In sintesi, il domicilio digitale dovrà garantire l’identità di mittente/destinatario e certificare invio/ricezione delle comunicazioni.

Mentre la registrazione del domicilio digitale è già obbligatoria per imprese e professionisti, non vige alcun obbligo per le persone fisiche e gli enti di diritto privato.

Affinché anche queste categorie, infatti, possano utilizzare il domicilio digitale, occorre:
– avere un indirizzo di PEC o un servizio elettronico di Recapito Certificato Qualificato (SERCQ) in linea con la normativa UE;
– registrare il recapito in appositi elenchi che verranno poi messi a disposizione delle Pubbliche Amministrazioni e dei gestori di pubblici servizi per le comunicazioni con i cittadini.

Tali strumenti sono però ancora in via di definizione e non sono state rese note le modalità di registrazione.

Per questo, al momento, persone fisiche ed enti di diritto privato non possono utilizzare il domicilio digitale vero e proprio.

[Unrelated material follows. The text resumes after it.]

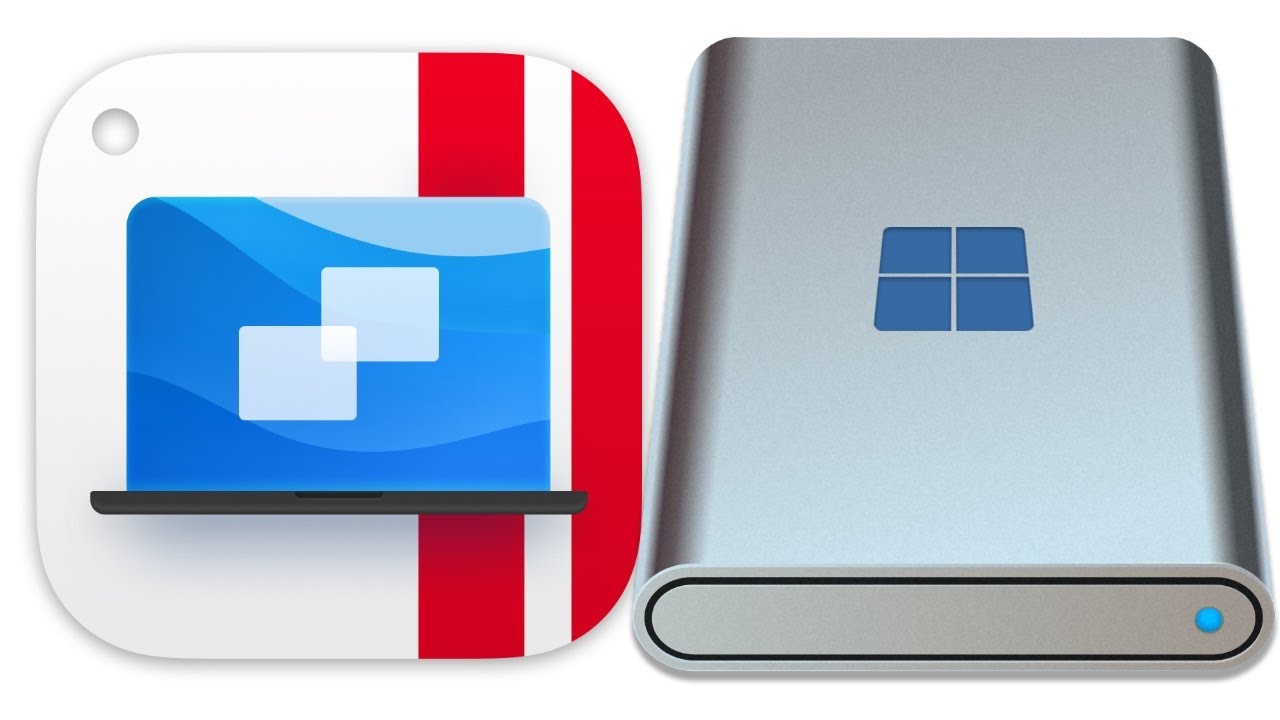 Comment installer Windows 11 sur Mac sur un disque externe (Parallels Desktop)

Tuttavia, anche queste categorie possono iniziare a sfruttare i vantaggi della dematerializzazione utilizzando la PEC come modalità per lo scambio di informazioni con uffici pubblici o altri enti con cui intrattengono rapporti, così da sperimentare fin da subito la semplicità, utilità e i vantaggi di questo mezzo.

Nel quadro normativo attuale, per poter attivare il domicilio digitale, il cittadino deve essere titolare o di una PEC o di un Sercq. Al momento, però, la PEC è l’unico strumento utilizzabile, dato che non è stata ancora emanata a livello UE la normativa esecutiva sui SERC. Per tale motivo, è stata anche sospesa dal legislatore italiano l’abrogazione della PEC (era prevista per il 1° gennaio 2019) in attesa di nuove regole.
Ci sono però alcune differenze anche tra questi due strumenti per il domicilio digitale.

Semplificando, possiamo paragonare la PEC a una comune casella di posta elettronica la quale, però, grazie a certificati prodotti e firmati elettronicamente dai gestori del servizio, ha valore legale, dal momento che viene per l’appunto certificata la data e l’ora di trasmissione e ricezione del messaggio. Il mittente produce il messaggio di posta elettronica e vi aggiunge gli eventuali allegati.
Per poter avere pieno valore legale, però, è necessario che mittente e destinatario siano in possesso di una casella PEC presso uno dei gestori autorizzati iscritti all’elenco pubblico tenuto dall’Agenzia per l’Italia Digitale.

Se, da un lato, la PEC consente al mittente di disporre di una documentazione legalmente valida dell’invio e dell’avvenuto recapito della comunicazione, dall’altro lato non è in grado, da sola, di identificare il mittente del messaggio: la certezza dell’identità può essere certificata solo tramite un utilizzo congiunto della firma elettronica.

A differenza della PEC, il Servizio elettronico di recapito certificato qualificato (SERCQ) renderà certe le identità di mittente e destinatario ma richiederà dei meccanismi di autenticazione (strong authentication) da parte di ognuno di essi (mittente/destinatario) che, come accennato, devono ancora essere compiutamente definiti a livello Ue, conformemente al Regolamento Eidas.